:: TASK DIRECTIONS ::
Give back exactly the stretch of data below from the line holding "May include: A" through the line holding "A middle distance", both ends included, and leave the remaining lines out.

:: DATA RECORDS ::
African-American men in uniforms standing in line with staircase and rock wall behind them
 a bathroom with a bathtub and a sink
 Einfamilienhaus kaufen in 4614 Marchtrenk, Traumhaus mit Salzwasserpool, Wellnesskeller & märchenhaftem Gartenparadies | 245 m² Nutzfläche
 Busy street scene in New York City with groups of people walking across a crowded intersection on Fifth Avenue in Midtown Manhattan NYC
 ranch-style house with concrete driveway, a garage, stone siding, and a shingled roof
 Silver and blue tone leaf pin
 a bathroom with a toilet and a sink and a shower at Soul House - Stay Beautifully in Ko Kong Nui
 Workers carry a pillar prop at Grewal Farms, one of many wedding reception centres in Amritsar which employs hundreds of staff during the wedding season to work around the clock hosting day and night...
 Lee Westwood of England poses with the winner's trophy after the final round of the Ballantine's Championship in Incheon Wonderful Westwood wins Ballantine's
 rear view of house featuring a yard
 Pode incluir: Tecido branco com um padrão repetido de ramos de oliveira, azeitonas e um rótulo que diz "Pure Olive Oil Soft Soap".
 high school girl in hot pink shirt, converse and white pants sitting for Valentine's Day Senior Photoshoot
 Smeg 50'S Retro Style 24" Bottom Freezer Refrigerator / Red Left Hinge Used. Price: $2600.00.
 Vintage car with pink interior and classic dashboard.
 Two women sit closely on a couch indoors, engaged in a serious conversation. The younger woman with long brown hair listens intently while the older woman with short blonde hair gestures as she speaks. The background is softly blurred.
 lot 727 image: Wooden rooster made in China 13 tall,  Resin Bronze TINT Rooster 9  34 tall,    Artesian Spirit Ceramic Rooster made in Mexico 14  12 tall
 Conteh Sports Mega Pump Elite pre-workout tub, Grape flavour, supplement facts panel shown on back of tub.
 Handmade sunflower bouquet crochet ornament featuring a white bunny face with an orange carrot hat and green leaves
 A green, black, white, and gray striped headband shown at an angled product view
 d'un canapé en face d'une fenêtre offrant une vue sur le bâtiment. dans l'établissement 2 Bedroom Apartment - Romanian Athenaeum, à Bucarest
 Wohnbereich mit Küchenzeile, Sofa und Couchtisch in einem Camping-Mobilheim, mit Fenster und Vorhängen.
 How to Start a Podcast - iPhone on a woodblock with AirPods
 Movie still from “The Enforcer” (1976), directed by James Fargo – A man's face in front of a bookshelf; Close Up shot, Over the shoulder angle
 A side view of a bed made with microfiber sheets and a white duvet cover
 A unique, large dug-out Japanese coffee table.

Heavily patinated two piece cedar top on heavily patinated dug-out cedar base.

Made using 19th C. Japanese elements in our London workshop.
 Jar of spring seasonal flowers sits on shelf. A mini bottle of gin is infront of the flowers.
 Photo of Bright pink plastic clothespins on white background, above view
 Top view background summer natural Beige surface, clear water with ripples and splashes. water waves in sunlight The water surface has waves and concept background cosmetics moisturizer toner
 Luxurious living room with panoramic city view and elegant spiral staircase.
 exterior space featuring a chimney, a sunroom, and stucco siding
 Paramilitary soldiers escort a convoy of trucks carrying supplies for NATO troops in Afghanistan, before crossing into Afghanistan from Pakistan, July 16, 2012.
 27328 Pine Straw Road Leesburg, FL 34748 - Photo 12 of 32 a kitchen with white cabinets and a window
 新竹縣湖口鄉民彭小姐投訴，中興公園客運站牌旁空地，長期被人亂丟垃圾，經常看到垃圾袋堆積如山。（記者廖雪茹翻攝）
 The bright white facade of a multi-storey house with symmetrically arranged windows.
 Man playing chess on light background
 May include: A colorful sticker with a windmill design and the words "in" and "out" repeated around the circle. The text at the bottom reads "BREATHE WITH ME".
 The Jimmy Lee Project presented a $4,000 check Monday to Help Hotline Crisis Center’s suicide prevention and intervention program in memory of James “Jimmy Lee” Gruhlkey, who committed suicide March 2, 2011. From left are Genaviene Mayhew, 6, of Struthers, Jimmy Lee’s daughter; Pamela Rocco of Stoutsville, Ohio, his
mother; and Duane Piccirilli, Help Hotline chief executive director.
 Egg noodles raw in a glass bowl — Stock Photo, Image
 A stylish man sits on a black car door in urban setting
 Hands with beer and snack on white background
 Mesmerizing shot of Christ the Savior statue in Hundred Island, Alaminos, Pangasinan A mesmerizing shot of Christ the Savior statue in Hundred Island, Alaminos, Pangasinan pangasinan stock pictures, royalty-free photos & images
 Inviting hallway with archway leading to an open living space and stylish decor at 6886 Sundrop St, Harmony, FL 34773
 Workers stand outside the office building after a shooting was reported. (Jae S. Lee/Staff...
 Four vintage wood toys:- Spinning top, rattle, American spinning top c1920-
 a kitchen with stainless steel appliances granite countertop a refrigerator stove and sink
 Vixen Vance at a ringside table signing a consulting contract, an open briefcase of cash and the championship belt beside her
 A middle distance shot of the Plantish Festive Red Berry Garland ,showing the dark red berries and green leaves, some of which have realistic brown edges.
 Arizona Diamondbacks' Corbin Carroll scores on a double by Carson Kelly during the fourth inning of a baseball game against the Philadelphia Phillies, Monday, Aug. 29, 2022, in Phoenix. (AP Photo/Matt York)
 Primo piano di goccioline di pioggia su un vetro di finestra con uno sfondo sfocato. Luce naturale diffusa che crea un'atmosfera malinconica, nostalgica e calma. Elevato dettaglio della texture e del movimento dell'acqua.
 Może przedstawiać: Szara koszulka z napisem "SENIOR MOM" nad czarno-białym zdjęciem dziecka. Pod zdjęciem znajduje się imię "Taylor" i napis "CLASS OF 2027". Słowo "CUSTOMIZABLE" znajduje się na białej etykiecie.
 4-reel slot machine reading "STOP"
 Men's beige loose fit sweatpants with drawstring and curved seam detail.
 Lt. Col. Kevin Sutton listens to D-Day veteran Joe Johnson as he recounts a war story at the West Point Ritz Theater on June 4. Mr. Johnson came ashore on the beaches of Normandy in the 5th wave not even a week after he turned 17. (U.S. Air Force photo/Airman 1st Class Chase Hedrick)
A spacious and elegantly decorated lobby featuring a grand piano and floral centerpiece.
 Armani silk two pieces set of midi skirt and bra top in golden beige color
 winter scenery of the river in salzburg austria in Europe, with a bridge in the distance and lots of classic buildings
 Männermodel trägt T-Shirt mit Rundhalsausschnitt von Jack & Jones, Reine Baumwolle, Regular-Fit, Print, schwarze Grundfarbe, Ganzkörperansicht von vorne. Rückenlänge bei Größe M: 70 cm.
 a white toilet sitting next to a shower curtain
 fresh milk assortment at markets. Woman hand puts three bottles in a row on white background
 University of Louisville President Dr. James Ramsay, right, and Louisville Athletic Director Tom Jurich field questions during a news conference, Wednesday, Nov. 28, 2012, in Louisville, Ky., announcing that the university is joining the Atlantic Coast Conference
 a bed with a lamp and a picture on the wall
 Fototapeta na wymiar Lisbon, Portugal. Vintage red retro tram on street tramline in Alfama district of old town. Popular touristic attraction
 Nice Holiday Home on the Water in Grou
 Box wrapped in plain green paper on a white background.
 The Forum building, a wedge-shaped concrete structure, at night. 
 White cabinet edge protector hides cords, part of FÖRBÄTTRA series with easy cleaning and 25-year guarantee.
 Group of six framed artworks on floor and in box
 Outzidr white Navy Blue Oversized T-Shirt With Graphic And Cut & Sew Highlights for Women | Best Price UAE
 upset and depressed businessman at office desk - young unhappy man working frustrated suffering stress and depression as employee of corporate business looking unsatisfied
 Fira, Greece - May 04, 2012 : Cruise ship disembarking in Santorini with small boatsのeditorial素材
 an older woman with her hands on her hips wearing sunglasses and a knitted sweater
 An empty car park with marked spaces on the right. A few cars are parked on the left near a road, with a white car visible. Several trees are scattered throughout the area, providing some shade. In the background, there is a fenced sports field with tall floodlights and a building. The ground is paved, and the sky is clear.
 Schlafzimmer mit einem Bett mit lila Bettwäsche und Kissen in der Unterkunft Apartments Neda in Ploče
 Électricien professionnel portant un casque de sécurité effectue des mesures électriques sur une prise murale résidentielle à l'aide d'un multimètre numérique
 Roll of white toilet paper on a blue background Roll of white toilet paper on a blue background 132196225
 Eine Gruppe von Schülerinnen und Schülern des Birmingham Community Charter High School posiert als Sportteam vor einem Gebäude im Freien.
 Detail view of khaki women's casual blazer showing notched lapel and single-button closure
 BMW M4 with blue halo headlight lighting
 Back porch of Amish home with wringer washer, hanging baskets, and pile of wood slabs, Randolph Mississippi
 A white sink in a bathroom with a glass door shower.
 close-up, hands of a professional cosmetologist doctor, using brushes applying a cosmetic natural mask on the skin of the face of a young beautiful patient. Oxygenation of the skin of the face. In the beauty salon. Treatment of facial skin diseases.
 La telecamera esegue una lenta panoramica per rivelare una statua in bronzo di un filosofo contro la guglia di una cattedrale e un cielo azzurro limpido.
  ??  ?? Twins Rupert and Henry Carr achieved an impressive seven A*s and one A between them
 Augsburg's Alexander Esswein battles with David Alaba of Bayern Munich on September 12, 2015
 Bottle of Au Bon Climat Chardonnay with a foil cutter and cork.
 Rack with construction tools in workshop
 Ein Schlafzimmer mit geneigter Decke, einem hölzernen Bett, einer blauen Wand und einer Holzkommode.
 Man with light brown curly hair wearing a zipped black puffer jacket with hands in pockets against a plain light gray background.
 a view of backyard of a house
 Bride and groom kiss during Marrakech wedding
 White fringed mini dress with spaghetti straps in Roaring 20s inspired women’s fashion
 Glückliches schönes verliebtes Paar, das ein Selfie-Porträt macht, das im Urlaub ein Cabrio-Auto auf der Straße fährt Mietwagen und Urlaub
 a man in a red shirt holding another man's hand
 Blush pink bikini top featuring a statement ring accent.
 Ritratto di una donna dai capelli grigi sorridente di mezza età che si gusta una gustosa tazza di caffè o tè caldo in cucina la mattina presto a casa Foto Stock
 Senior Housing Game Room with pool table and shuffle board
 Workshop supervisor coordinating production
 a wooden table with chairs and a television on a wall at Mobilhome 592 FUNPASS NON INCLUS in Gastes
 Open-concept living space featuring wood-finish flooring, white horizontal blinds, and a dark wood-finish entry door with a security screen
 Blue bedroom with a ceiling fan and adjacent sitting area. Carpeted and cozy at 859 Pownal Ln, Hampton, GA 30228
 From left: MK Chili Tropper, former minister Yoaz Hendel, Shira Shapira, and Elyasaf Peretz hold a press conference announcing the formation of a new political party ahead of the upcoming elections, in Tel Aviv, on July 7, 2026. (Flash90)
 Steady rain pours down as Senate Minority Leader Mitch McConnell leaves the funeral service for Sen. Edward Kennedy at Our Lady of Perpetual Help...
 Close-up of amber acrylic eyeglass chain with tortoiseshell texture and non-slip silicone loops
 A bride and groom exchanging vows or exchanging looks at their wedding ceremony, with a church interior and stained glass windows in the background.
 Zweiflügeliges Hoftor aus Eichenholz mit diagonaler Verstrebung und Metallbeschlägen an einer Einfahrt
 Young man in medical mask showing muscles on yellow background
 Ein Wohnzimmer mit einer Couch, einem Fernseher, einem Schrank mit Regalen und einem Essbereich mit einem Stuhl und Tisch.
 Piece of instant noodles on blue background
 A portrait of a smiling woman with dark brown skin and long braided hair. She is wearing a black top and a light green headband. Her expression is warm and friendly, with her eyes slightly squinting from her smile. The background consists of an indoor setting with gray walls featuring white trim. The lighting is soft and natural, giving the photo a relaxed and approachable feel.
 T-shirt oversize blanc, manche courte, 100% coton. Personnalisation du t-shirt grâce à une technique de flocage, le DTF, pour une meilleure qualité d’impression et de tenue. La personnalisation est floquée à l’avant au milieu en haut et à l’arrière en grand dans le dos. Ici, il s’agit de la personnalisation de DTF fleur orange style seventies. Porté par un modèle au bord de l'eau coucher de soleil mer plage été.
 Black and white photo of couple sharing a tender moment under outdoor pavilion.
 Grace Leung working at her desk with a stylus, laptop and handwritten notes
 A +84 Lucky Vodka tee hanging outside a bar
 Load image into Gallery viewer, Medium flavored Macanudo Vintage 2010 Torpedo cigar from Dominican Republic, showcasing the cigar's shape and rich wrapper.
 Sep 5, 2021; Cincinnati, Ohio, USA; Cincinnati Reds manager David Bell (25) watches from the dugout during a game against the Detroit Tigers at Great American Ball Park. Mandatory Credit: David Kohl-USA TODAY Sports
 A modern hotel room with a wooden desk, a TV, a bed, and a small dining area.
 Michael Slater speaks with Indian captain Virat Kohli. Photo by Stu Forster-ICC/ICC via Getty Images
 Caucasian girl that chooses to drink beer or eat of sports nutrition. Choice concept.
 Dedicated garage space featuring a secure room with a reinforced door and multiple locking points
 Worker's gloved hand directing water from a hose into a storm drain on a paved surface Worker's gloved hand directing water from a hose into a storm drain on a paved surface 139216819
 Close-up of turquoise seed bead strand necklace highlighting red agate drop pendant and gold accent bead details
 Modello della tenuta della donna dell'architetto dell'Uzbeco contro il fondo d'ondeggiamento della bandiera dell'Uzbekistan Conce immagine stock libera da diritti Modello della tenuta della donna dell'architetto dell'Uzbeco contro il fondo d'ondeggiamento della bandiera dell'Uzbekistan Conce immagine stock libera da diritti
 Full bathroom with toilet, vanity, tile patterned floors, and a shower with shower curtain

:: SOLUTION FOR THIS TASK ::
 May include: A colorful sticker with a windmill design and the words "in" and "out" repeated around the circle. The text at the bottom reads "BREATHE WITH ME".
 The Jimmy Lee Project presented a $4,000 check Monday to Help Hotline Crisis Center’s suicide prevention and intervention program in memory of James “Jimmy Lee” Gruhlkey, who committed suicide March 2, 2011. From left are Genaviene Mayhew, 6, of Struthers, Jimmy Lee’s daughter; Pamela Rocco of Stoutsville, Ohio, his
mother; and Duane Piccirilli, Help Hotline chief executive director.
 Egg noodles raw in a glass bowl — Stock Photo, Image
 A stylish man sits on a black car door in urban setting
 Hands with beer and snack on white background
 Mesmerizing shot of Christ the Savior statue in Hundred Island, Alaminos, Pangasinan A mesmerizing shot of Christ the Savior statue in Hundred Island, Alaminos, Pangasinan pangasinan stock pictures, royalty-free photos & images
 Inviting hallway with archway leading to an open living space and stylish decor at 6886 Sundrop St, Harmony, FL 34773
 Workers stand outside the office building after a shooting was reported. (Jae S. Lee/Staff...
 Four vintage wood toys:- Spinning top, rattle, American spinning top c1920-
 a kitchen with stainless steel appliances granite countertop a refrigerator stove and sink
 Vixen Vance at a ringside table signing a consulting contract, an open briefcase of cash and the championship belt beside her
 A middle distance shot of the Plantish Festive Red Berry Garland ,showing the dark red berries and green leaves, some of which have realistic brown edges.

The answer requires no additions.